これまでなら「そのような心理効果を狙った自作自演?」と考えることもできましたが、今回、ロシア国内の結構“奥”(ウクライナ国境から500キロほど)の基地への攻撃を受けたことは、様々な意味でロシアにショックを与えているようです。

そこには【これは、ウクライナによるロシアへの宣戦布告】という意見もあり(個人的にはどの口が言うんだ、という気持ちがありますが)、この意識が国内に溢れてくると、浮かんでは消える“あの”問題と懸念に触れなくてはならないでしょう。

それは「核戦争の危険性は高まったのか?」という問いですが、プーチン大統領はメディアからの質問に答える形で「核戦争の可能性は高まったと言える。ロシアは世界でも最先端の核兵器を有しているが、それは剃刀をもって走り回るような物騒なものではなく、あくまでも自国の防衛と戦争のエスカレーションの抑止の目的だ」と答えていますが、皆さんはこのメッセージをどのように受け取られるでしょうか?

私はこの回答を驚きと恐れをもって受け取りました。

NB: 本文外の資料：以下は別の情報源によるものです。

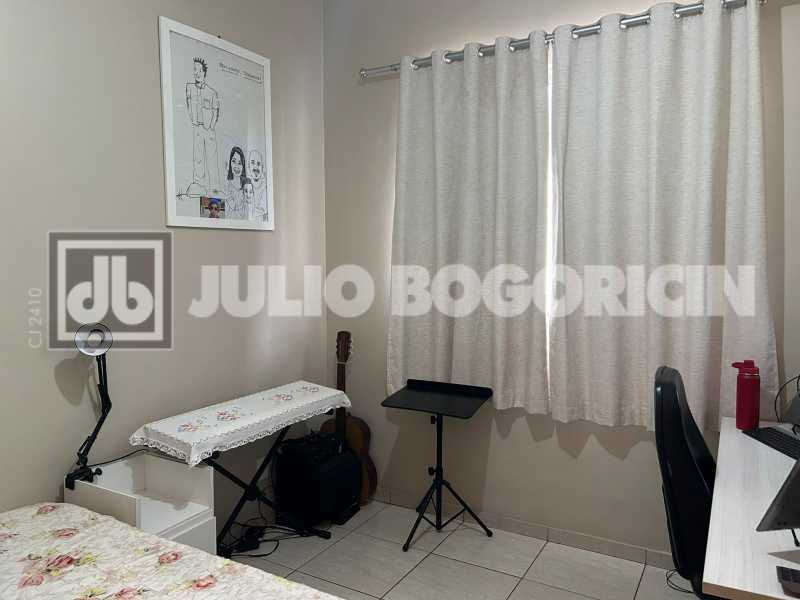 Conheça escritorio 2. do imóvel - Apartamento à venda Rua Santos Titara, Todos os Santos, Rio de Janeiro - R$ 620.000 - JBM306720 - 10 escritorio 2. - 10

「先制攻撃には用いないし、むやみに使用もしないが、ロシアおよびロシア国民の安全保障および防衛のためには使用することも厭わない」というように解釈できるため、12月5日と6日に行われたウクライナ軍によると思われるロシア空軍基地と石油備蓄施設への攻撃は、プーチン大統領のレッドラインを踏み越えると同時に、プーチン大統領とロシアに核使用を正当化させる結果になるのではないかと恐れています。

それがどうなるかは、実際にはウクライナがどうするかというよりは、NATOの国々がどのように反応するかにかかっていると思われますが、それが分かっているのか、各国は非常に慎重な反応に留まっているように見受けられます。

ちなみに、余談ですが、開戦以来ロシアが用いてきたミサイルのうち、最近のインフラ施設および補給路の破壊に用いられているものは、核弾頭を搭載可能な高精度巡航ミサイルX55であり、これまでのところは核弾頭を外して使用されています。

それが本来の役割を果たすことがないように祈ります。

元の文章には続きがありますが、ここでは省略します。